[The problem]
When the line with "Brake Pad Set, disc brake PREMIER FDB4688" turns up below, begin repeating exactly, and carry on through the line with "Пуговицы на ножке"; no pictures go into the copy.

[Given records]

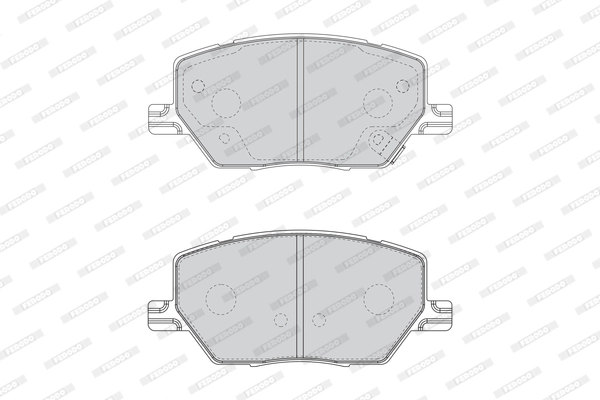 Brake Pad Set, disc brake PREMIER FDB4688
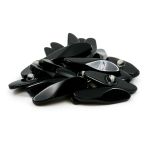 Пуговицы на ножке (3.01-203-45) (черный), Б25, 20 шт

* * *

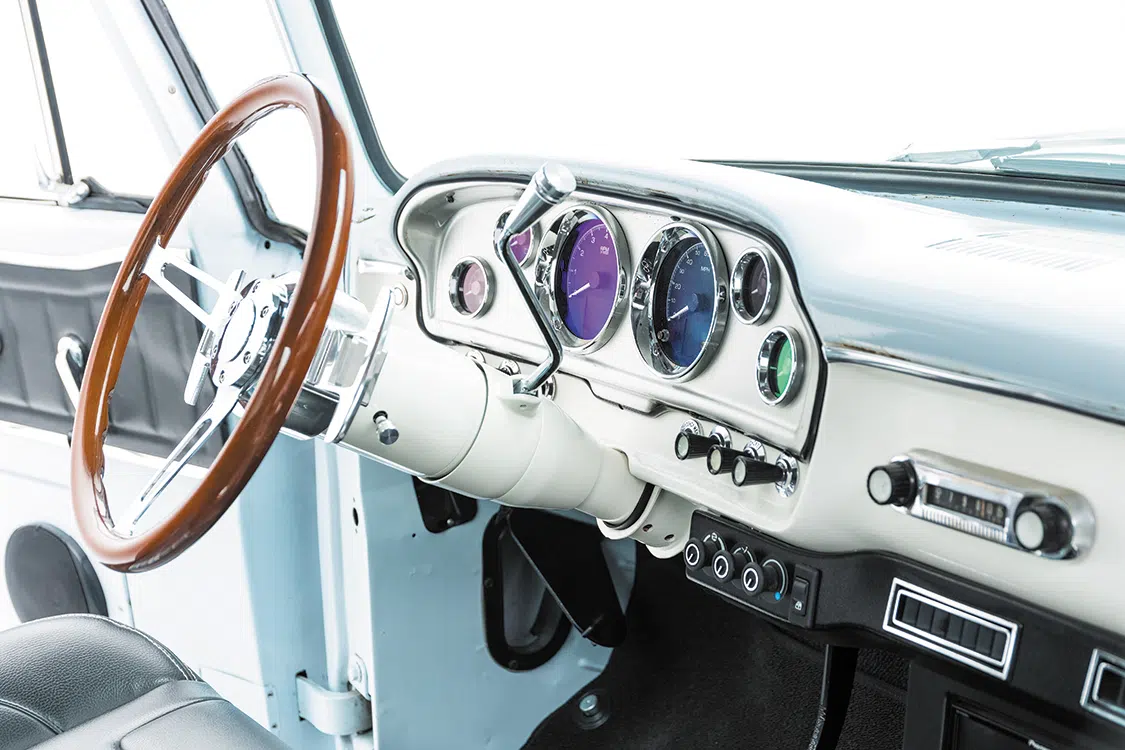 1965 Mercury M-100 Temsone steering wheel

[Expected answer]
 Brake Pad Set, disc brake PREMIER FDB4688
 Пуговицы на ножке (3.01-203-45) (черный), Б25, 20 шт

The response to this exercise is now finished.